I wanna say Emptiness, but I don’t wanna sound phony, so I’ll stop there, with dot dot dot .

Right now I am writing this, my first entry, in the sunset light of the 2024 Winter Solstice. This winter sun is halfway down the horizon of the woods beside which I was raised. 

And now it is gone, now it is just glow.

And I am sad by this, I am disturbed by this kind of thing.

It is thoughts just like this that get processed while I draw the Buddha, in the Tibetan way: meticulously, gently, exactly the same as my teacher and my teacher’s teacher.

Through this journal, I intend to chronicle what this practice teaches me. I have been studying thangka painting with Master Pema Rinzin for almost a year, my first class was in January 2023.

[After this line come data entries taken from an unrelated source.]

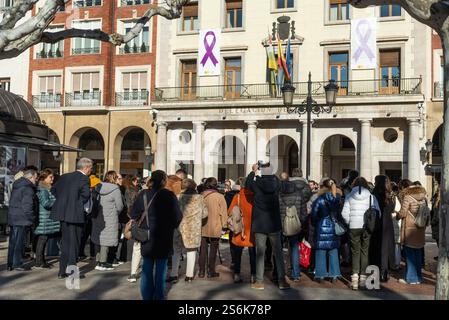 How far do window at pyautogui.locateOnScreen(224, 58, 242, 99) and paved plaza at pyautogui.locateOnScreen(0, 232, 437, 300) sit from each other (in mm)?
21516

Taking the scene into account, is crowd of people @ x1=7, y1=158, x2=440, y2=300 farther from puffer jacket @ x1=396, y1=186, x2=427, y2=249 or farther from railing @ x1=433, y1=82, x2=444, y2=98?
railing @ x1=433, y1=82, x2=444, y2=98

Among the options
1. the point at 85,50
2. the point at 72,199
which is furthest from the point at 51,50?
the point at 72,199

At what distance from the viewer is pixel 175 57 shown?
31.8 meters

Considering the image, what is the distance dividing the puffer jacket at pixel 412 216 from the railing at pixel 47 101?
94.7 feet

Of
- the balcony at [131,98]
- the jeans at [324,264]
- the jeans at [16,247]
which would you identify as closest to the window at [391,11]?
the balcony at [131,98]

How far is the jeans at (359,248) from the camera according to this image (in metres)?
8.55

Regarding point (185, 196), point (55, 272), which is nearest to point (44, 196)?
point (55, 272)

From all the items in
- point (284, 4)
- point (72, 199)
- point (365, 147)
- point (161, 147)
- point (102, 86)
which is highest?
point (284, 4)

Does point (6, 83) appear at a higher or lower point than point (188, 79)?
higher

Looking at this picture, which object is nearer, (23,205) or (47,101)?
(23,205)

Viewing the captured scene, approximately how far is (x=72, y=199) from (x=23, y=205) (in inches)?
62.2

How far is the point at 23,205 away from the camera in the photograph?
9711 mm

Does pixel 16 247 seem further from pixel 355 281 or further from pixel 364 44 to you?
pixel 364 44

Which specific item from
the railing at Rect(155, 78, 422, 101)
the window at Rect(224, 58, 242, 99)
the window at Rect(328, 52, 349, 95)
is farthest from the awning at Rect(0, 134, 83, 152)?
the window at Rect(328, 52, 349, 95) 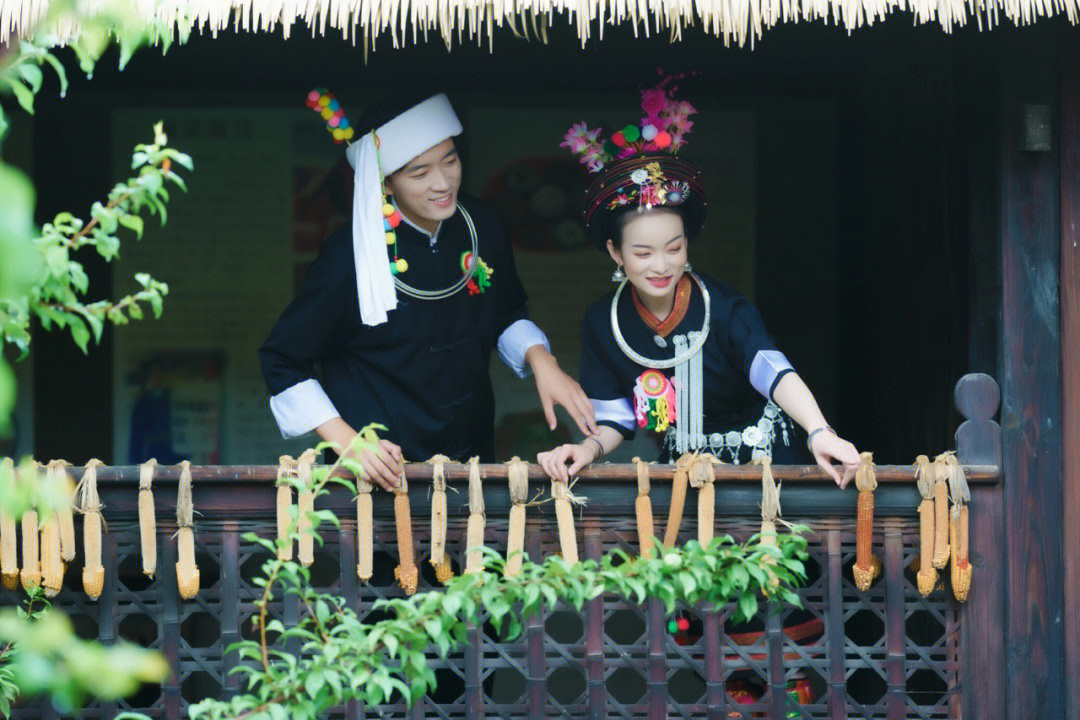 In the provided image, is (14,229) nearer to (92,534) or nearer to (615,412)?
(92,534)

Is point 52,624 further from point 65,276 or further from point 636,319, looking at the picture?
point 636,319

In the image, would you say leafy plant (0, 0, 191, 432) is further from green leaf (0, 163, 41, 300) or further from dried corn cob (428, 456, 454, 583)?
dried corn cob (428, 456, 454, 583)

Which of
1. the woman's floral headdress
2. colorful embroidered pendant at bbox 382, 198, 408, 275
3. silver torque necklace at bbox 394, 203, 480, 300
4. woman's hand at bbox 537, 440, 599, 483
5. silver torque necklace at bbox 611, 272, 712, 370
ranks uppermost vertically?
the woman's floral headdress

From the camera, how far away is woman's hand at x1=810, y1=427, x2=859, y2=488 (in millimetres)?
3475

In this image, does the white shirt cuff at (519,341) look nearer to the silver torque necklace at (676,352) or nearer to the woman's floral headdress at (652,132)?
the silver torque necklace at (676,352)

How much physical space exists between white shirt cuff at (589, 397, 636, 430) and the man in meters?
0.07

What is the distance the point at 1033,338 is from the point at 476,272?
1730 mm

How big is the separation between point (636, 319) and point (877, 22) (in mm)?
1208

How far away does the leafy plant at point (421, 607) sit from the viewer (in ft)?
8.34

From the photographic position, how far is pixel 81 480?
3488 millimetres

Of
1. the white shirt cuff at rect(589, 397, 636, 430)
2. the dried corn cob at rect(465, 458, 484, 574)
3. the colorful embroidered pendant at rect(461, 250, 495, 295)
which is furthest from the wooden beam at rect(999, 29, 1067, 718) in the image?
the colorful embroidered pendant at rect(461, 250, 495, 295)

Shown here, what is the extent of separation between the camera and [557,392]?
13.1 ft

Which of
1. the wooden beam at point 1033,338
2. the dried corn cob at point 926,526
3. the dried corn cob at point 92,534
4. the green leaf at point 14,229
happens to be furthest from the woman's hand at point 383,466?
the green leaf at point 14,229

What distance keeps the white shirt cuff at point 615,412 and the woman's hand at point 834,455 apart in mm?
620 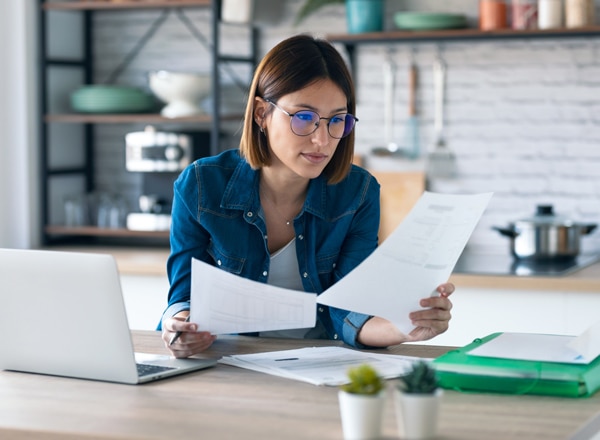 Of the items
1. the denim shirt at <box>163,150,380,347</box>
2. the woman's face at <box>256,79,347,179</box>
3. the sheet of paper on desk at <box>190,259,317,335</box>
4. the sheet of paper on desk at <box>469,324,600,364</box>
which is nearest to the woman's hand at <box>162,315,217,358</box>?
the sheet of paper on desk at <box>190,259,317,335</box>

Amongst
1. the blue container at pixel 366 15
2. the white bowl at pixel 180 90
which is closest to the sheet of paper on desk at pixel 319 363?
the blue container at pixel 366 15

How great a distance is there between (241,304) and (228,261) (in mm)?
434

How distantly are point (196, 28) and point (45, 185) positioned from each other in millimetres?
999

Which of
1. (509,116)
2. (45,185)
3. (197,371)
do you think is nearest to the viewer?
(197,371)

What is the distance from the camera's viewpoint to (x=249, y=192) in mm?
2398

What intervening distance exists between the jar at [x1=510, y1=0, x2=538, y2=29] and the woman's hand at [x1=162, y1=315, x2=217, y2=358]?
7.67ft

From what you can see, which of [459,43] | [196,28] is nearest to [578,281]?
[459,43]

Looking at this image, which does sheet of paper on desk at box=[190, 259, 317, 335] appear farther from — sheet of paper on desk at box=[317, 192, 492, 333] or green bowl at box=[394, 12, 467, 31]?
green bowl at box=[394, 12, 467, 31]

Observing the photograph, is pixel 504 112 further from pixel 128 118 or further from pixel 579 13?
pixel 128 118

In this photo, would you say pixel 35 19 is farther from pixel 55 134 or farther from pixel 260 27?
pixel 260 27

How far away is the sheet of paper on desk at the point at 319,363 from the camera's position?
1896 millimetres

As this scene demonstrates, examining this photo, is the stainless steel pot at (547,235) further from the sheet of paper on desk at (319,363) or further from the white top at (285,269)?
the sheet of paper on desk at (319,363)

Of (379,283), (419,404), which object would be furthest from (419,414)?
(379,283)

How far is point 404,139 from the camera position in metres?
4.32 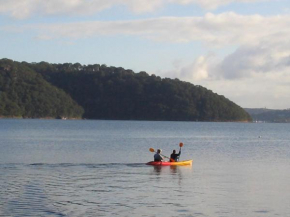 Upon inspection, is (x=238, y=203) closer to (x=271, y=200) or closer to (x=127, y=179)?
(x=271, y=200)

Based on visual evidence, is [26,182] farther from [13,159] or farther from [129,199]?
[13,159]

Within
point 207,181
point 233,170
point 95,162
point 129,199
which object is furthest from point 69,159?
point 129,199

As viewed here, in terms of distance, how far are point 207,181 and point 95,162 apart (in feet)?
43.5

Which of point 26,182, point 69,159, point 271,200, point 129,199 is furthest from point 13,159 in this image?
point 271,200

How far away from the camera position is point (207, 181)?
32750mm

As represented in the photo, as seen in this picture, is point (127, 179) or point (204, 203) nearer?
point (204, 203)

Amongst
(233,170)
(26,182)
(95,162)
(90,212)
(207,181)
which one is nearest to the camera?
(90,212)

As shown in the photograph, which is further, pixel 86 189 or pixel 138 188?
pixel 138 188

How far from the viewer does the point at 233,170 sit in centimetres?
3959

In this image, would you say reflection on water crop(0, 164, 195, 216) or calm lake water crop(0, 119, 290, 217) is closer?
reflection on water crop(0, 164, 195, 216)

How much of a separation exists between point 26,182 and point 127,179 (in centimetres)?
557

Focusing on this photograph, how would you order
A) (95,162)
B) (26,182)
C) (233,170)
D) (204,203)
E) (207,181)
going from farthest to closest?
1. (95,162)
2. (233,170)
3. (207,181)
4. (26,182)
5. (204,203)

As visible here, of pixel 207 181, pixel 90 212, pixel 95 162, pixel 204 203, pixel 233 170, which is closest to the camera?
Result: pixel 90 212

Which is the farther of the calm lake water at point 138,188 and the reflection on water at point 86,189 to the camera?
the calm lake water at point 138,188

I think it was this time last year that I was wallowing about how I would never learn real Buddhist art unless I went halfway across the world. That week my father found Pema’s number online, I think through an AI search engine of all things, and set up a time for us to meet. Pema adores my father. My father is very wise and is the reason I study Buddhism.

So that was almost a year ago, and within this time I have drawn only six Buddhas. And of course, I haven’t touched any paint yet.

I Realized something this week, something I thought I Realized months ago but turns out I didn’t, turns out I changed my mind (suprise suprise). Now I am ready to Realize and Decide.

This is a thing we do— we think we Realize something, but it takes us Realizing it twice, thrice, a million times over to really Decide to change. So thangka is teaching me this, and I am starting to accept it, and this is my Decision, my Promise:

I will not focus my art practice on anything but the Tibetan way.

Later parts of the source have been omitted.